Def Leppard are kicking off another major 2026 chapter with the announcement of a new Greatest Hits release, arriving on 12 June 2026. The collection pulls together 10 of the band’s biggest songs and has been newly mastered for the release, giving one of rock’s most durable catalogs a fresh polish just as the band heads into a busy summer tour schedule.
The album will be available only on vinyl, with two editions announced: a standard black vinyl pressing and a special blood red marbled vinyl version. The red edition also includes exclusive 2026 tour edition artwork, and that variant is being offered as a tour exclusive. Pre-orders are already open through Def Leppard’s official store.

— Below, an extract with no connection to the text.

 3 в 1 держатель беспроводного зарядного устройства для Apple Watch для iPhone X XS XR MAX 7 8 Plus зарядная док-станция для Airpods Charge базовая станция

The tracklist is exactly what fans would expect from a Def Leppard hits set, built around the songs that helped define their rise from Sheffield arena hopefuls to global hard-rock giants. Side One features “Pour Some Sugar on Me,” “Hysteria,” “Photograph,” “Love Bites,” and “Animal.” Side Two includes “Rock Of Ages,” “When Love and Hate Collide,” “Bringin’ On the Heartbreak,” “Foolin’,” and “Armageddon It.”
The compilation lands shortly after the band opened 2026 with “Rejoice,” a new hard-rocking single that was playlisted by Planet Rock. That release signaled that Def Leppard are not simply leaning on nostalgia; they are pairing archival material with fresh activity.

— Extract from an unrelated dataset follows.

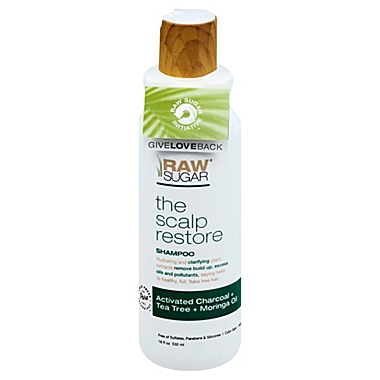 RAW SUGAR&reg; Scalp Restore 18 oz. Shampoo in Activated Charcoal, Tea Tree, and Moringa Oil. View a larger version of this product image.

The timing also lines up neatly with their touring plans. Following a sold-out Las Vegas residency, Def Leppard are set for a substantial European tour this summer, including UK dates in Belfast, Glasgow, Sheffield, London, Birmingham, and Manchester, with Extreme joining them as special guests. The Sheffield show is already sold out, but tickets remain available for other dates.
The new Greatest Hits release fits a pattern Def Leppard have followed for years: keeping the catalog alive while continuing to tour at a major scale. It also serves as an accessible entry point for newer listeners, offering the biggest songs from a band whose hits have defined mainstream rock radio for decades.
For longtime fans, though, this is less about introduction and more about recognition. These are the songs that built the legend — the tracks that still fill arenas, still show up on classic-rock playlists, and still remind people why Def Leppard remain one of the genre’s most reliable live draws.
In 2026, Def Leppard are not just revisiting the past. They are pressing it to vinyl, sending it back out on the road, and giving it another spin.